NORSE is a rare condition characterized by new onset of
refractory status epilepticus in a patient without epilepsy or another relevant
preexisting neurologic disorder, without a clear acute or active structural,
toxic, or metabolic cause.
“These are patients without any preexisting history of
epilepsy who [suddenly] go into status epilepticus,” said Jeffrey W. Britton,
MD, FAAN, professor of neurology at the Mayo Clinic in Rochester, MN, who was
not involved with the study. “The mortality and morbidity of refractory status
epilepticus is very high, and for survivors the functional consequences can be
significant.”
Between 20- and 30-percent of patients with NORSE do not
survive, and most survivors have lifelong epilepsy as well as significant
neurological sequelae, according to a study published earlier this year in
Epilepsia…
In the current study, three of the patients (43 percent) had
good or fair functional outcomes, defined as a having score greater than 3 on
the modified Rankin Scale at discharge and the use of antiepileptic drugs at
the last follow-up.
The study, led by Jin-Sun Jun, MD, professor of neurology at
the Kyungpook National University School of Medicine and colleagues at Seoul
National University Hospital in South Korea, found that some of those on
tocilizumab had severe adverse events, however. Two patients experienced
adverse events of grade 3 or higher: A 22-year-old man had pneumonia and a
19-year-old woman died after experiencing a worsening of preexisting sepsis.
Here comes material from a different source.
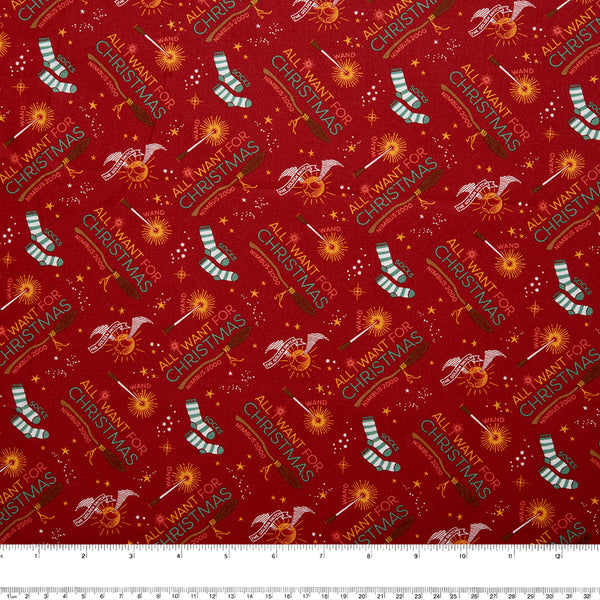 Camelot - PRIVILÈGE - Licensed Cotton Print - Harry Potter - Nimbus 2000 - Red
Other adverse events included leukopenia (grade 2, n=3) and diarrhea (grade 2,
n=1).
The authors acknowledged some significant limitations to the
study, including heterogeneity in both the patients' pretreatment histories and
the tocilizumab regimens they were given, which could limit the ability to
generalize based on their results.
The authors also noted that while three of the seven
patients had good or fair outcomes after discharge, those outcomes were not
better than those reported in a previous large case series reported in
Neurology in 2015…
Commenting on the study findings, Dr. Britton of the Mayo
Clinic pointed out that four of the seven patients in the case series had
significant elevations of interleukin-6, the target of tocilizumab, which
provides some potential mechanistic evidence as to why this particular drug may
have worked. He cited his own center's recent experience with a pediatric FIRES
patient refractory to standard treatment, whose analysis of cerebrospinal fluid
interleukin levels suggested a potential response to the IL-1 antagonist
anakinra (Kineret), a rheumatoid arthritis medication. “She responded well and
made an excellent recovery,” Dr. Britton said….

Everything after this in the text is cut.